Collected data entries
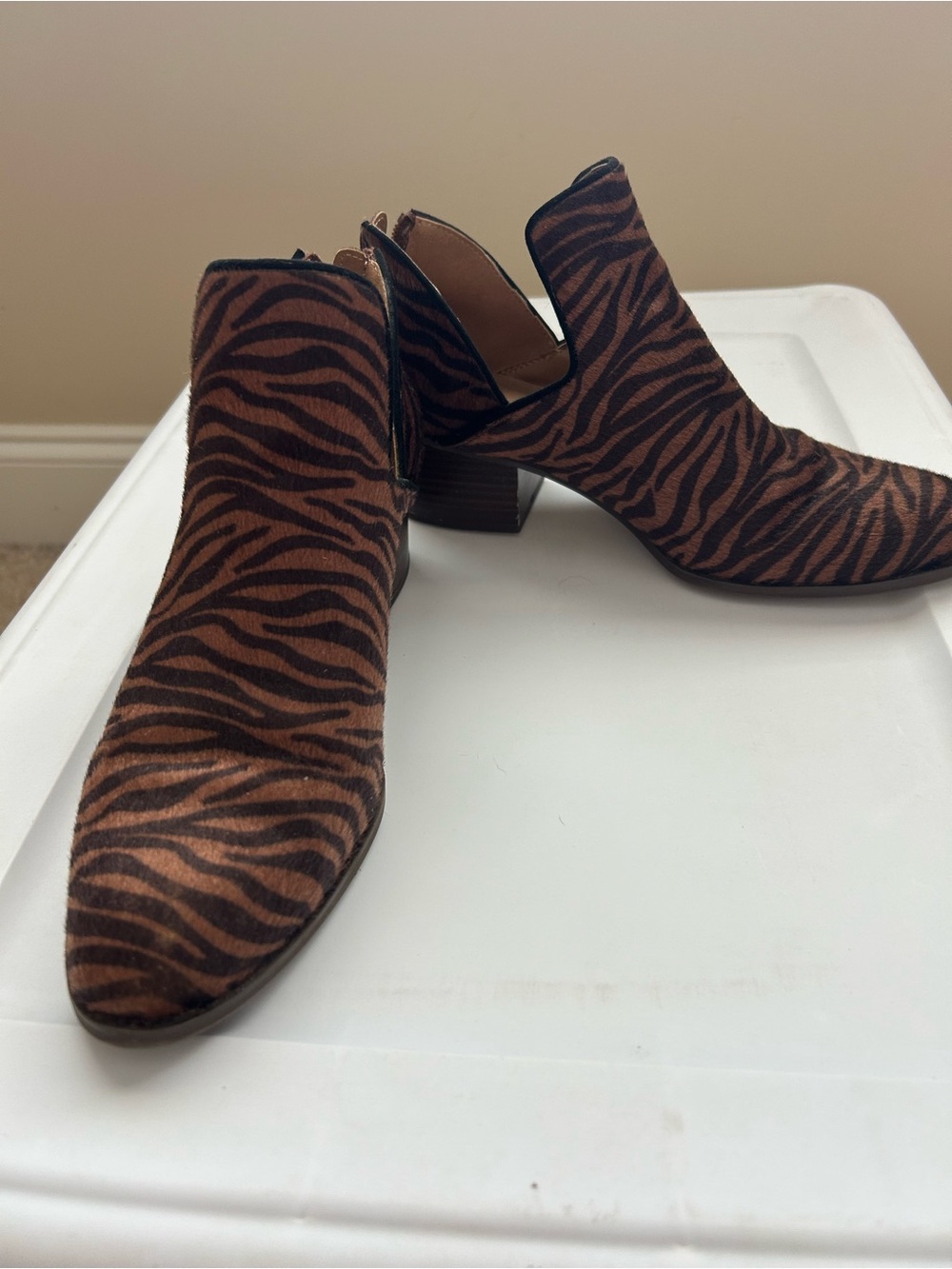 Women’s Tiger Print Ankle Booties in Brown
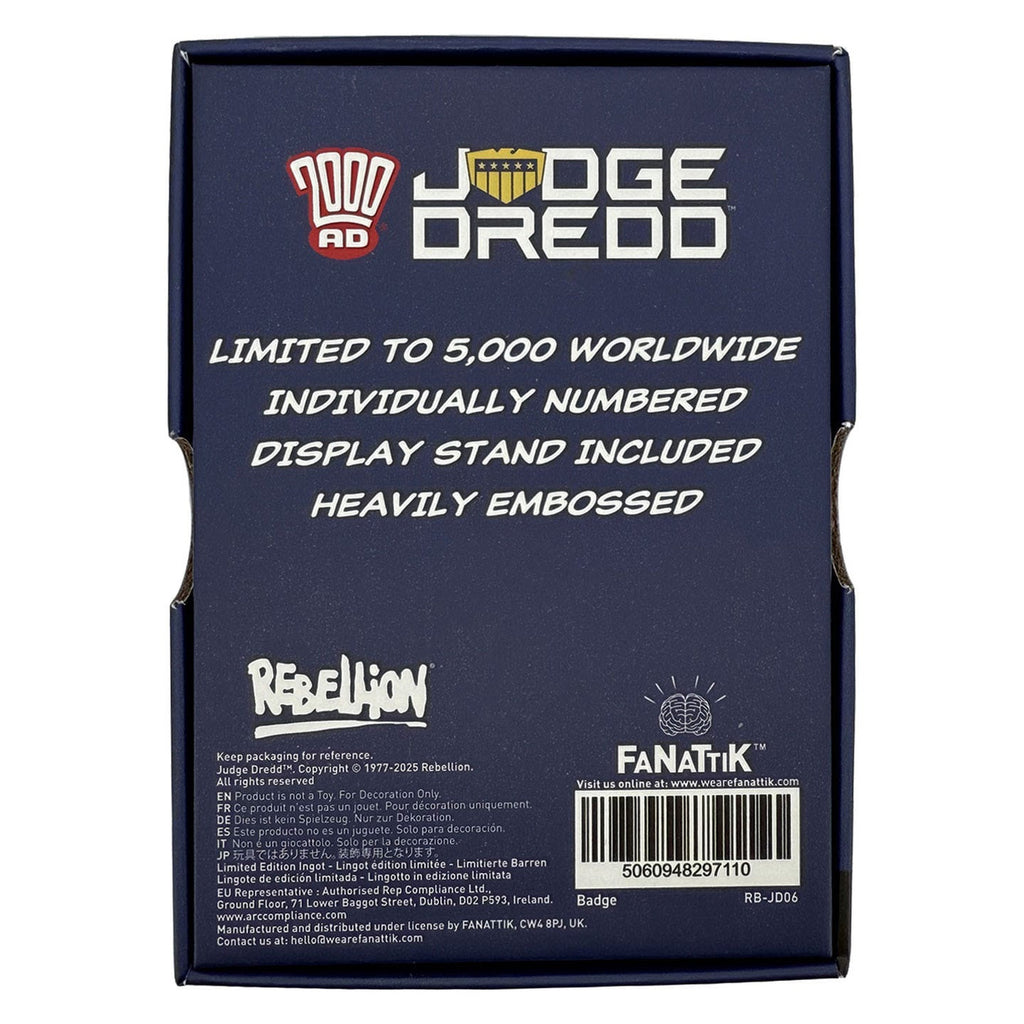 Image produit Réplique du badge Judge Dredd 2000 AD – Édition limitée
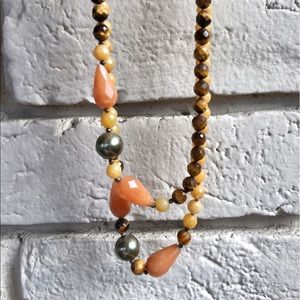 Chan Luu Tiger Eye Mix Faceted Long Necklace
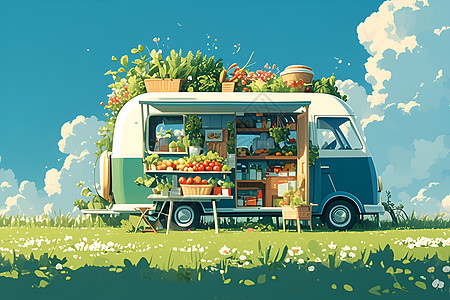 绿野中的食品货车图片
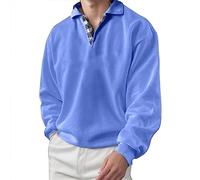 2025-Sweat Uomo Senza Cappuccio- Polo Manica Lunga Grande Vita Collo Risvolto Casual Tinta Unita Confortevole Ampio Pullover Chic Tutti I Giorni Temperamento Passa-Ovunque Basic Top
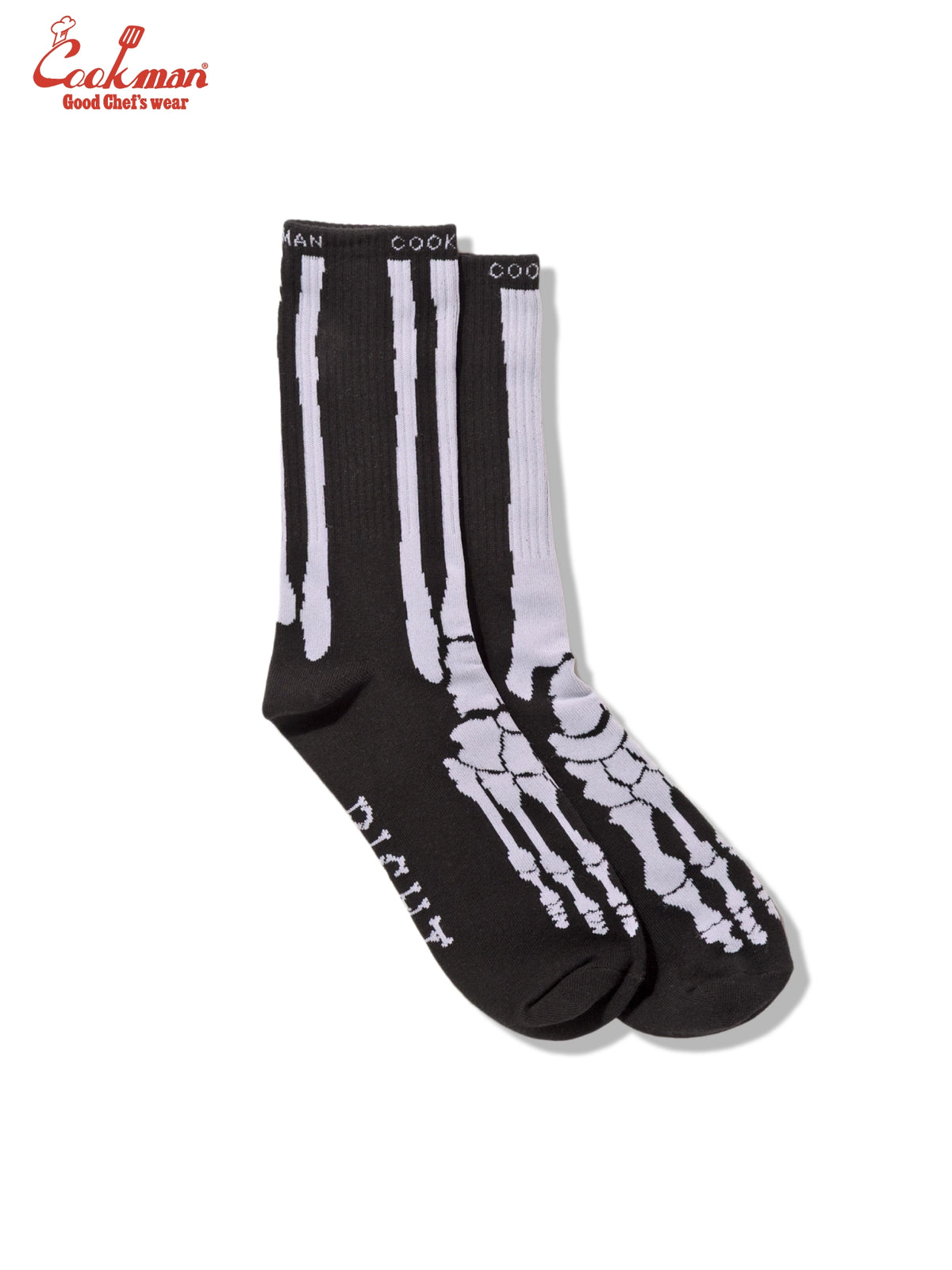 Rib Crew Socks -  Bone Black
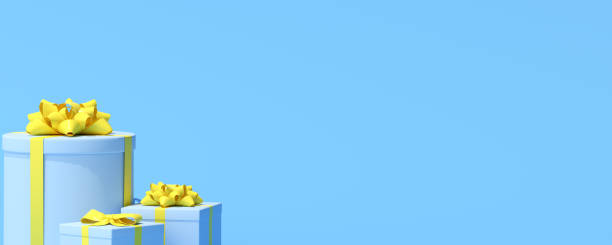 istock 3D rendering of gift box on blue background with copy space. 1323829919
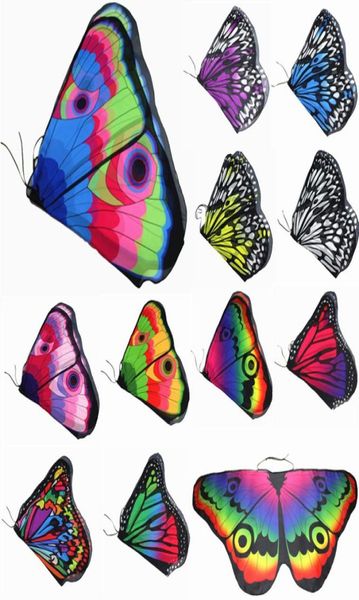 

kids girl princess cloak fairy butterfly costume wings monarch chiffon children fancy cape dress gift festival pixie cosplay chiff4908966, Red;brown
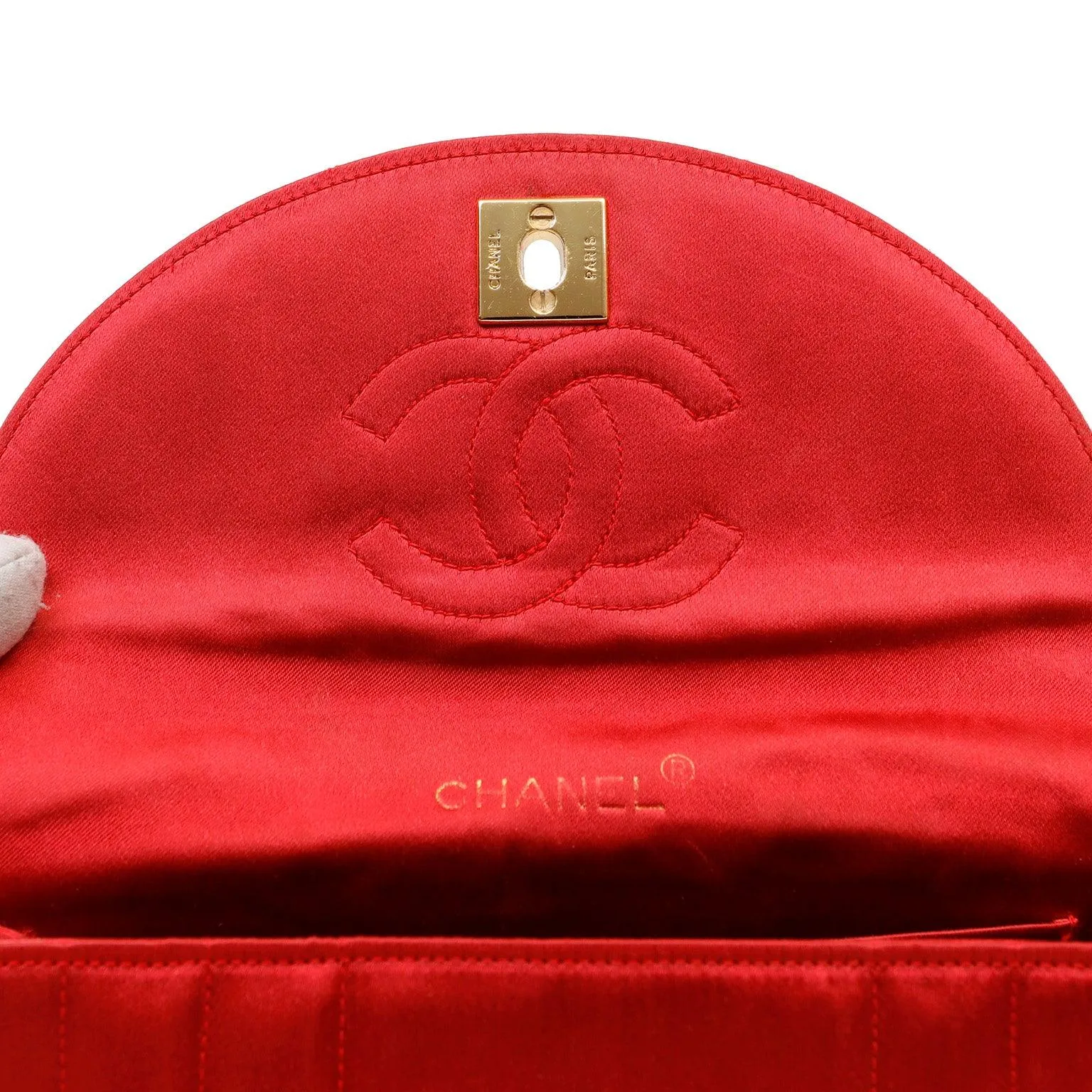 Chanel Red Satin Vintage Evening Crossbody Bag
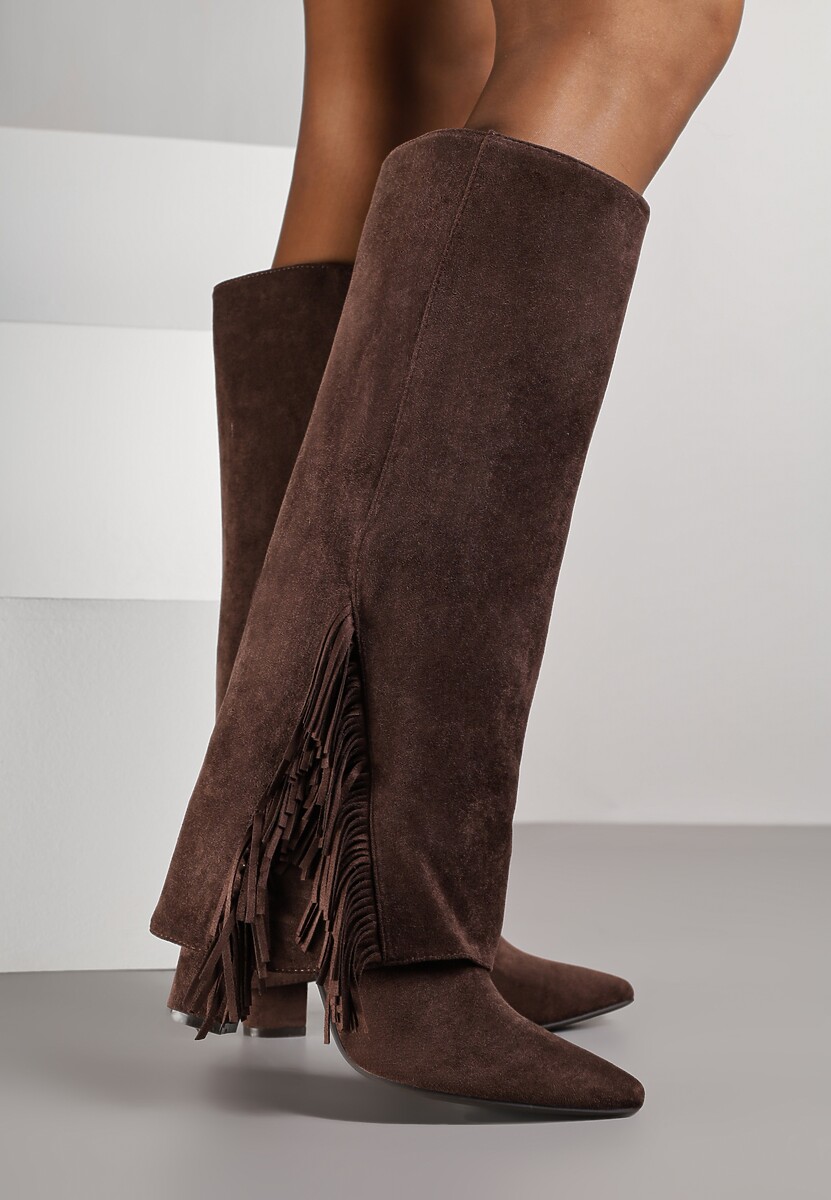 Brązowe Kozaki na Słupkowym Obcasie z Cholewką Imitującą Nogawkę z Frędzlami Linafela 3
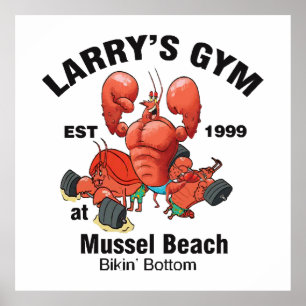 Larrys Gym vid Mussel Beach Poster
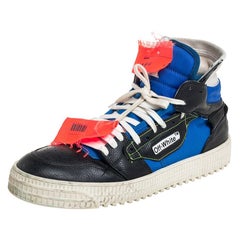 Off-White Black/Blue Leather And Canvas Off-Court 3.0 High-Top Sneakers Size 42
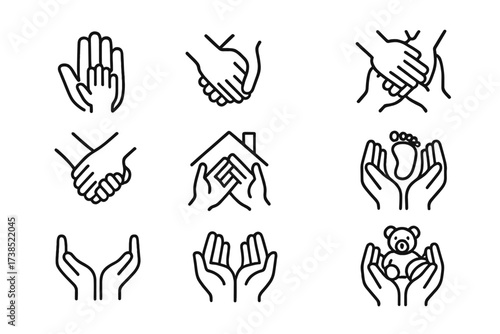 Family Hands Icons. Outline icon set of children and family hands: child hand hold, parent and child holding hands, family group hands, siblings hand hold,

- [Aim of the exercise]:
When you reach the line that contains "Off-White Black/Blue Leather", start reproducing, and continue word for word to the end of the records; skip all pictures.

- [Solution to the exercise]:
 Off-White Black/Blue Leather And Canvas Off-Court 3.0 High-Top Sneakers Size 42
 Family Hands Icons. Outline icon set of children and family hands: child hand hold, parent and child holding hands, family group hands, siblings hand hold,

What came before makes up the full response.